**Records**:

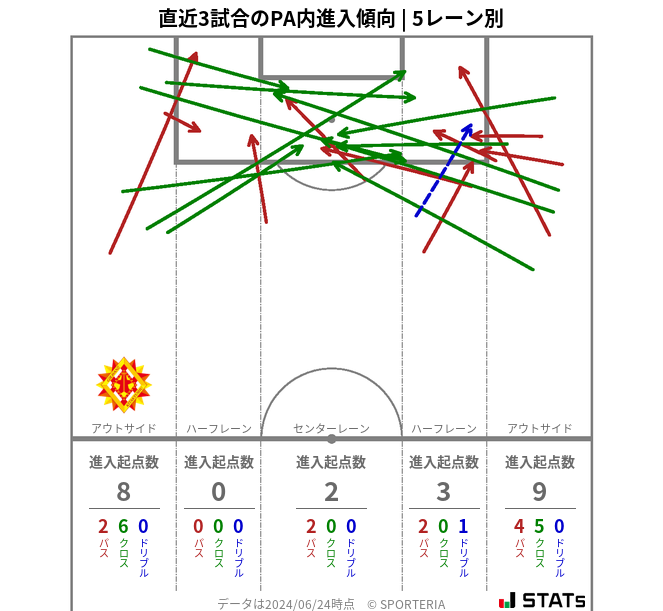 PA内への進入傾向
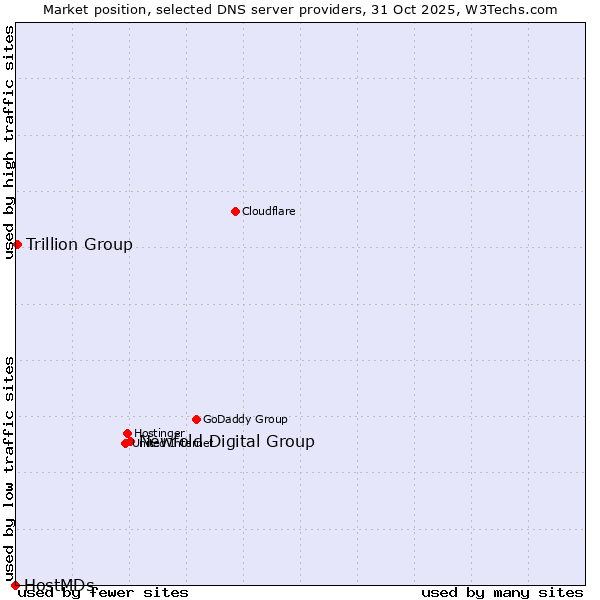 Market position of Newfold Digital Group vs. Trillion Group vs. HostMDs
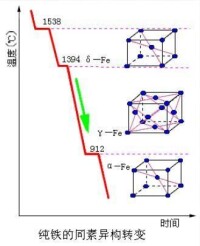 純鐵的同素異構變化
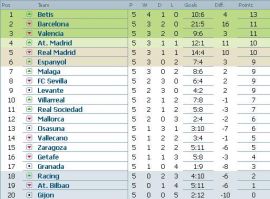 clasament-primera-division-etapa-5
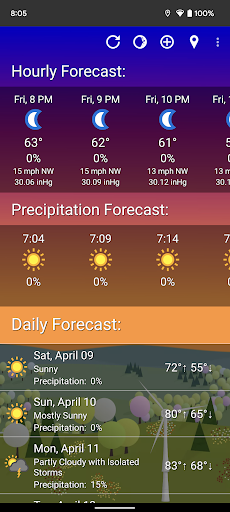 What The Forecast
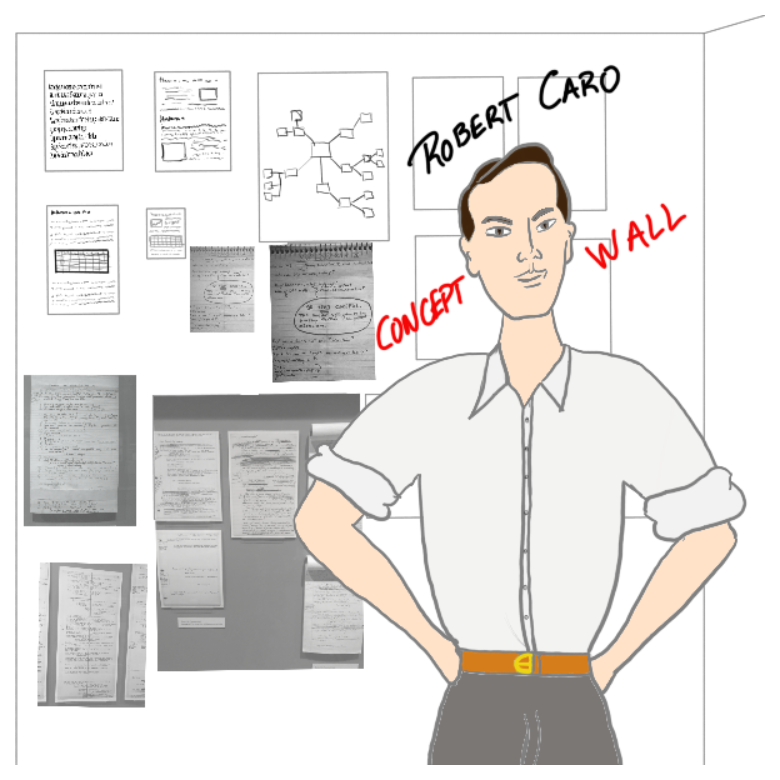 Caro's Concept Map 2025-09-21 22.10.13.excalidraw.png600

==

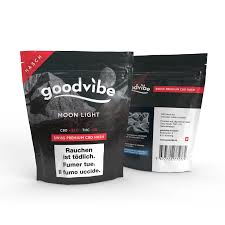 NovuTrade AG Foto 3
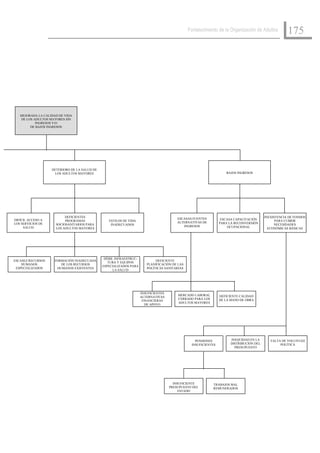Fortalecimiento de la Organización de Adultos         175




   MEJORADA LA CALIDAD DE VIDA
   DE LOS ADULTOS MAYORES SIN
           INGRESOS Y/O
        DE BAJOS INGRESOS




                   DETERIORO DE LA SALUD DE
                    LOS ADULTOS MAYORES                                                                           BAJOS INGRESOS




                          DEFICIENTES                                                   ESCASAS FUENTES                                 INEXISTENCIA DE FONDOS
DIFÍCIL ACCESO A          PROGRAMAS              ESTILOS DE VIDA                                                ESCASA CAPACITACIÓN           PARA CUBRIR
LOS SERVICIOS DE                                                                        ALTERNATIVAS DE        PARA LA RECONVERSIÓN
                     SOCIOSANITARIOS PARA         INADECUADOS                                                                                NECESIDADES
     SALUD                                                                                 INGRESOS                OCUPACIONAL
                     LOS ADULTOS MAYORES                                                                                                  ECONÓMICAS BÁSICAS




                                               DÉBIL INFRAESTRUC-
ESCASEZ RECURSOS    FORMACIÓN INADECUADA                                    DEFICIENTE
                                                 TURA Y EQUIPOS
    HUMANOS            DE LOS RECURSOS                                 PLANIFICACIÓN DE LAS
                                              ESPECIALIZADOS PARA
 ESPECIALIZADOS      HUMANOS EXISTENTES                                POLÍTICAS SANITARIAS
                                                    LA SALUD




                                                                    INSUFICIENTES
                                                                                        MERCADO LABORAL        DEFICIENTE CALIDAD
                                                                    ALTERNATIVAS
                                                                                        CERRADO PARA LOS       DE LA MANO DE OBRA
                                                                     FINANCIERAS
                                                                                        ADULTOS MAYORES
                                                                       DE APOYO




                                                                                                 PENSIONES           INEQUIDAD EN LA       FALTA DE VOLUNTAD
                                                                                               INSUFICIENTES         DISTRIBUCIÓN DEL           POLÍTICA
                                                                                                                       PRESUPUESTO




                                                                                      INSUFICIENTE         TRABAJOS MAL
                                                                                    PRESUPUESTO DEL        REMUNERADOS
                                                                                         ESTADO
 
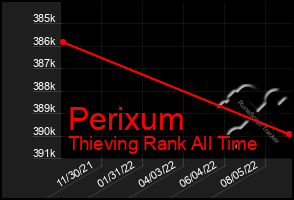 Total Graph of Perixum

...

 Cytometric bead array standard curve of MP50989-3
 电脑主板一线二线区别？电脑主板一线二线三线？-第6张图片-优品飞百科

**Exercise requirements**: From the listing above, please give again the lines that begin with the line holding "NovuTrade AG Foto 3" and go on through the line holding "INEXISTENCIA DE FONDOS", exactly, both ends included, minus any picture.

**Your response**:
 NovuTrade AG Foto 3
Fortalecimiento de la Organización de Adultos         175




   MEJORADA LA CALIDAD DE VIDA
   DE LOS ADULTOS MAYORES SIN
           INGRESOS Y/O
        DE BAJOS INGRESOS




                   DETERIORO DE LA SALUD DE
                    LOS ADULTOS MAYORES                                                                           BAJOS INGRESOS




                          DEFICIENTES                                                   ESCASAS FUENTES                                 INEXISTENCIA DE FONDOS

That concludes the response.